Motivation Key Factor in Budget Drive Success
When a congregation becomes motivated to improve its annual budget drive great things are possible.
Members of High Plains Church Unitarian Universalist in Colorado Springs, CO (143 members), want to build a larger facility to accommodate their growth, which has been running at 15 to 20 percent. In the spring of 2006 the congregation held a budget drive that involved the whole congregation in one-on-one stewardship conversations, something it had not done for several years.
The drive brought in $20,000 more than the goal of $120,000, says the Rev. Matthew Johnson-Doyle. "It was a big job and it would be hard to do it every year, but it did build financial strength," he says.
The congregation brought in Unitarian Universalist Association (UUA) fundraising consultant and Unitarian Universalist (UU) Congregation of Atlanta, GA (642), member Larry Wheeler to help it get organized. "We wanted a strong annual stewardship drive under our belt before launching a capital campaign to buy property", says Johnson-Doyle. " We didn't believe Larry when he said a drive like this would build community, but it did. People really got to know each other."
It helped that the congregation had been doing other things right. "We've learned to ask for financial commitments from people when they join," says Johnson-Doyle. "People who have never been part of a church have no idea what the expectation is. They want to know what they're supposed to do." A helpful tool has been the UUA's Suggested Fair Share Giving Guide, says Johnson-Doyle. The median pledge for the congregation is $1,200.
The Unitarian Universalist Colorado Association (UUCA) is in an interim ministry period. As it looks forward to the next chapter of its life it wants to expand its social justice programming, create a campus ministry, and hire more staff. To do that, members are demonstrating that they're motivated to raise the necessary money.
The budget drive this past fall raised about $790,000, well over the unspoken goal of $775,000. The previous year's drive was also over the top, by about $40,000. Interim minister the Rev. David Keyes has helped the congregation think about stewardship in new ways the past two years. Last fall the whole congregation engaged in one-on-one stewardship conversations. "It was a lot of work," says Keyes, "but it was the only way we were going to get what we wanted."

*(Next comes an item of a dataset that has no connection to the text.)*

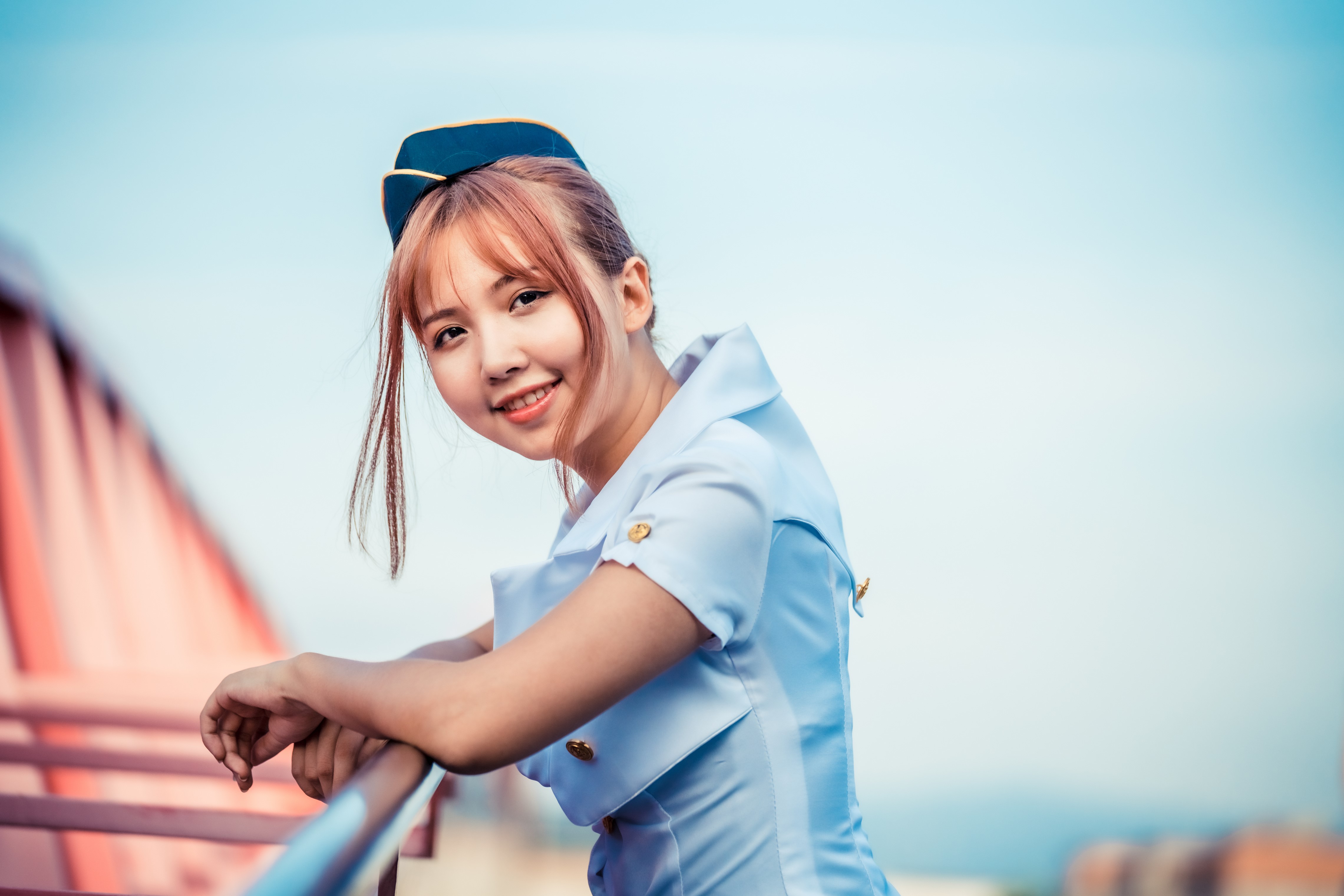 Asian stewardess in uniform smiling HD Wallpaper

He adds: "I have never been involved with a budget drive that was not successful. It depends on how willing the congregational leadership is to do things in new ways. I ask people to take risks, have courage, show some passion for the mission, and follow through. That always leads to greater generosity."

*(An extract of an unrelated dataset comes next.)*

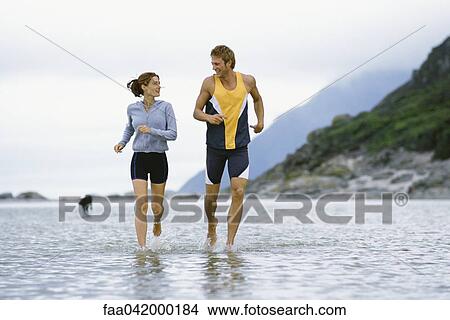 Picture - Young couple running together through shallow water near shore. Fotosearch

The following factors have contributed to stewardship success at UUCA: Keyes tells the congregation he's committed to a full 10 percent tithe and invites members to commit to at least 5 percent. He preaches two stewardship sermons, both of them weeks before the budget drive begins. He believes they do more good then, rather than on the day the drive starts. Wheeler trained visiting stewards this year. Church consultant Michael Durall spoke at the budget drive dinner. Members presented testimonials at each service for several months, sharing how important the church was to them. As a result the median gift at UUCA went from $850 in 2005 to $1,200 this year.
Both High Plains and UUCA give away their Sunday offering and believe that this results in higher overall giving. "People see the money going out the door, and they feel good about how it's being used. They realize the church depends on their commitments," says Keyes. "UUCA gives away $8,000 a month. At High Plains $200 to $600 is donated one Sunday a month," says Johnson-Doyle, "Members really like that we do that. I think generosity leads to more generosity."